Wednesday 30 April 2014

The Bubble

Yes, my general disposition over the last however shitting long it's been has remained one of dissatisfaction with the way life seems to pan out in the real world. It seems that all I'm doing with this blogspace is constantly trying to use different words to find ways of saying the exact same thing over and over, leaving this place fairly stagnant.

I'm on one of my depression kicks again, it seems. I've written about it previously as the sensation of feeling nothing as opposed to the sensation of feeling sad. I don't like to throw the word "depression" around though, especially as I've seen worse cases of it than my meandering existence. Besides, as it stands, I'm not completely in that state since I seem able to pick myself up out of it as easily as I can find something to distract me. Namely TV, video games and generally doing something that doesn't involve me staring forlornly out the window for hours at a time.

It's finally occurred to me that I've spent quite a while wrapped in a bubble of niceness for so long that I've failed to realise it popped several months ago. By the way, in this analogy, the bubble is my time at university. I've figured that because I enjoyed myself a great deal towards the end, I wasn't ready for it to be over when it was.

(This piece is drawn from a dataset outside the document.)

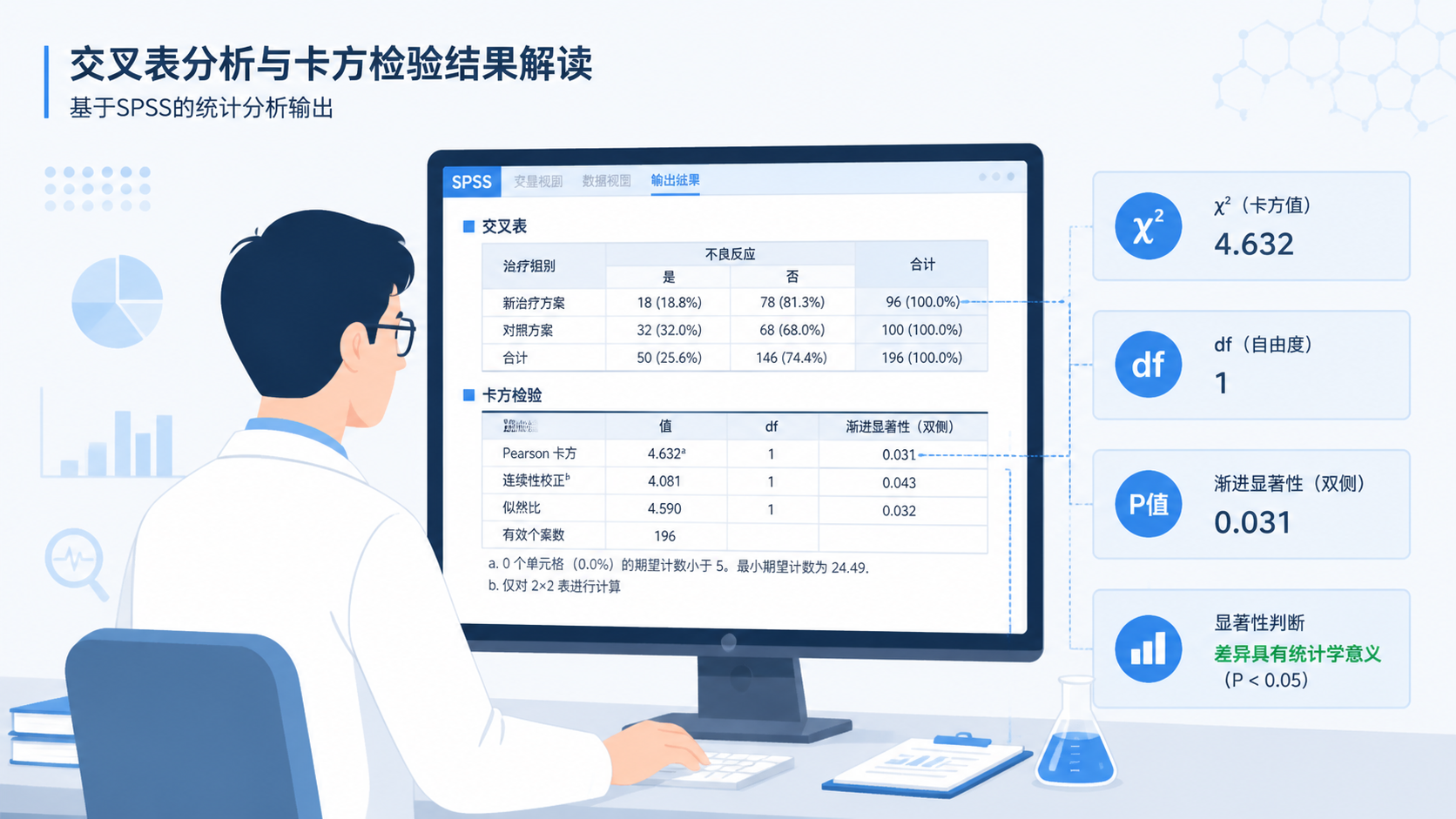 临床研究人员在电脑前查看SPSS交叉表输出结果，旁边标注χ²、df和P值，突出“显著性判断”主题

Staying in the area with a couple of friends may have seemed like a good idea at the time, but in the long run (i.e. around about now) it's left me feeling as awful as my writing habits.

Those who stayed behind were a select few whilst several others left for better pastures, which isn't hard since the area in which I'm currently trapped is a less than desirable pasture. Of those ones who've stayed behind, I very rarely meet up with them due to conflicting schedules. All of a sudden, the uni bubble has disappeared and I've been thrust back into the real world I spent the best part of four years trying to get away from, and I've finally been forced to admit that all of those friends I made during university have become the very thing I swore they wouldn't become. "Just Facebook Friends".

Don't get me wrong, in an ideal world I'd drop every aspect of life and several others to see a lot of them again in a former uni-like capacity. But that harsh reality of a bubble-less existence is that, whilst I may still consider a bunch of those people to be some of closest friends in this life, my only real contact with them anymore is sparing... and virtual.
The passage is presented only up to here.